Design choices are captured in [specs/049-backup-restore-job-orchestration/research.md](specs/049-backup-restore-job-orchestration/research.md).
## Phasing
### Phase 1 (this specs implementation target)
- Ensure all in-scope operations are job-only (no heavy work inline).
- Create/reuse run records with idempotency for active runs.
- Provide **Run detail** views for progress (status + counts) and **DB notifications** for state transitions.
### Phase 2 (explicitly out-of-scope for Phase 1)
- Add a **global progress widget** that surfaces all run types (not just bulk ops) across the admin UI.
## Technical Context
**Language/Version**: PHP 8.4.15
**Primary Dependencies**: Laravel 12, Filament 4, Livewire 3
**Storage**: PostgreSQL (JSONB used for run payloads/summaries where appropriate)
**Testing**: Pest 4 (feature tests + job tests)
**Target Platform**: Containerized web app (Sail for local dev; Dokploy for staging/prod)
**Project Type**: Web application (Laravel monolith)
**Performance Goals**: 95% of start actions confirm “queued” within 2 seconds (SC-001)
**Constraints**: No heavy work during interactive requests; jobs must be idempotent + observable; no secrets in run records
**Scale/Scope**: Multi-tenant MSP usage; long-running Graph operations; frequent retries/double-click scenarios
## Constitution Check
*GATE: Must pass before Phase 0 research. Re-check after Phase 1 design.*
- Inventory-first: orchestration is run-record centric; inventory stays “last observed”, backups remain explicit actions.

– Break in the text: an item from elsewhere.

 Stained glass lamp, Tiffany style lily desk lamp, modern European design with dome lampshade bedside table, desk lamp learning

- Read/write separation: preview/dry-run stays read-only; live restore remains behind explicit confirmation + audit + tests.

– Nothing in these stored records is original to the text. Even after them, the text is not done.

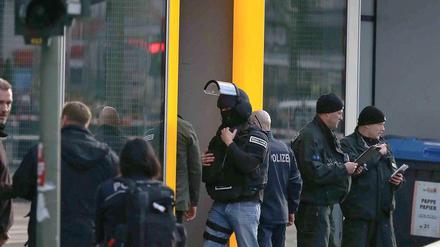 City-West-Geiselnehmer kommt milde davon: Ende Dezember hatte sich das SEK als Kamerateam getarnt, um den 68-jährigen Geiselnehmer zu überwältigen. Der wurde nun vom Gericht zu zwei Jahren auf Bewährung verurteilt.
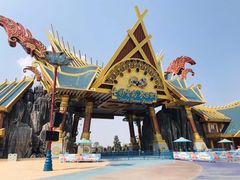 -七彩云南欢乐世界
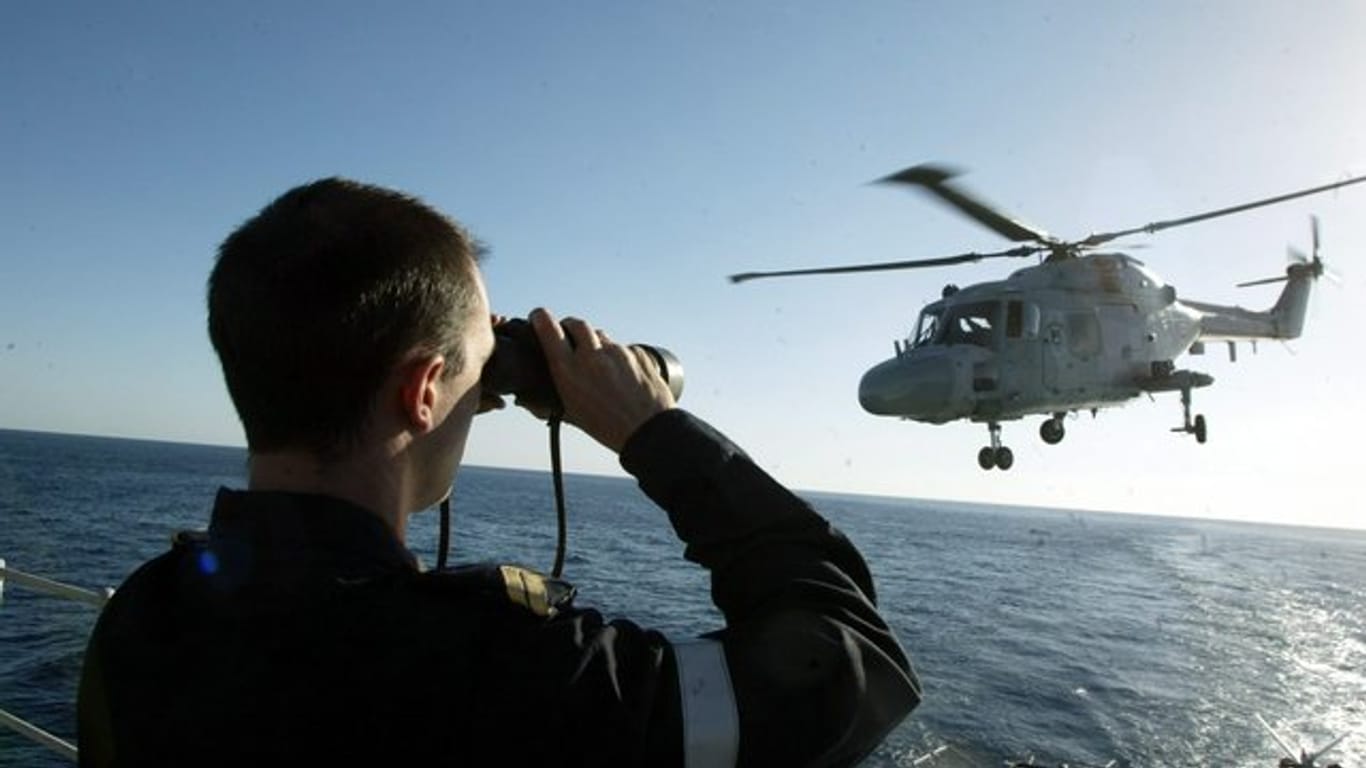 Ein Hubschrauber der französischen Marine hebt von der Fregatte "Tourville" auf dem Roten Meer ab.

- Graph contract path: all Graph calls remain behind `GraphClientInterface` and contract registry (`config/graph_contracts.php`).

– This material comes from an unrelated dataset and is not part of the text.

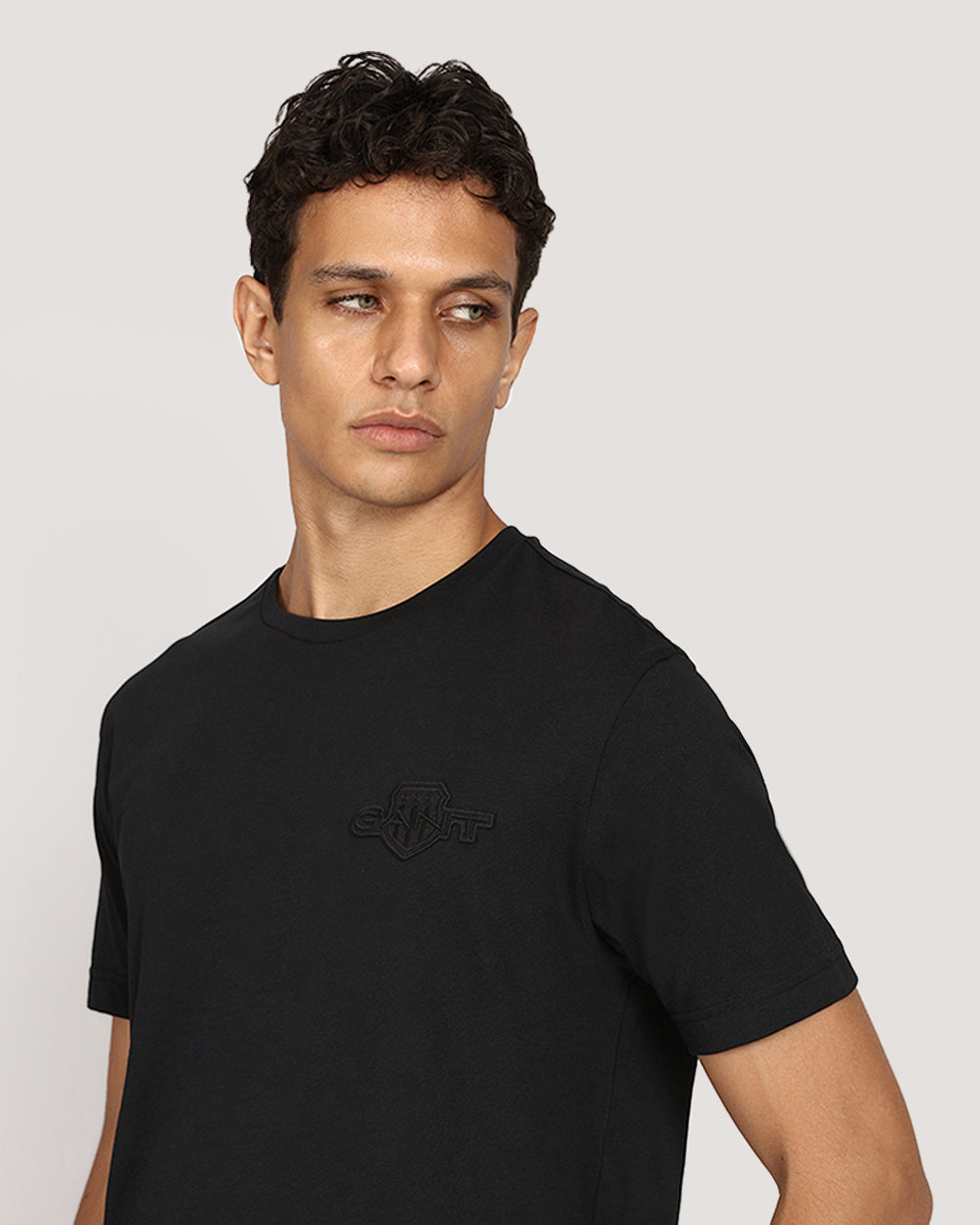 Gant Regular Tonal Shield Short Sleeve T-Shirt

- Deterministic capabilities: no new capability derivation introduced by this feature (existing resolver remains authoritative).
- Tenant isolation: all run visibility + execution is tenant-scoped; no cross-tenant run access.
- Automation: enforce de-duplication for active runs; jobs use locks/backoff for 429/503 where applicable.
- Data minimization: run records store only safe summaries (error codes + whitelisted context), never secrets/tokens.
## Project Structure
### Documentation (this feature)
```text
specs/049-backup-restore-job-orchestration/
├── plan.md # This file (/speckit.plan command output)
├── research.md # Phase 0 output (/speckit.plan command)
├── data-model.md # Phase 1 output (/speckit.plan command)
├── quickstart.md # Phase 1 output (/speckit.plan command)
├── contracts/ # Phase 1 output (/speckit.plan command)
└── tasks.md # Phase 2 output (/speckit.tasks command - NOT created by /speckit.plan)
```
### Source Code (repository root)
```text
app/
├── Filament/
│ └── Resources/
├── Jobs/
├── Livewire/
├── Models/
├── Services/
└── Support/
database/
└── migrations/
resources/
└── views/
tests/
├── Feature/
└── Unit/
```
**Structure Decision**: Laravel monolith; orchestration implemented via queued jobs + run records in existing models/tables.
## Complexity Tracking
> **Fill ONLY if Constitution Check has violations that must be justified**
| Violation | Why Needed | Simpler Alternative Rejected Because |
|-----------|------------|-------------------------------------|
| [e.g., 4th project] | [current need] | [why 3 projects insufficient] |
| [e.g., Repository pattern] | [specific problem] | [why direct DB access insufficient] |
No constitution violations are required for this feature.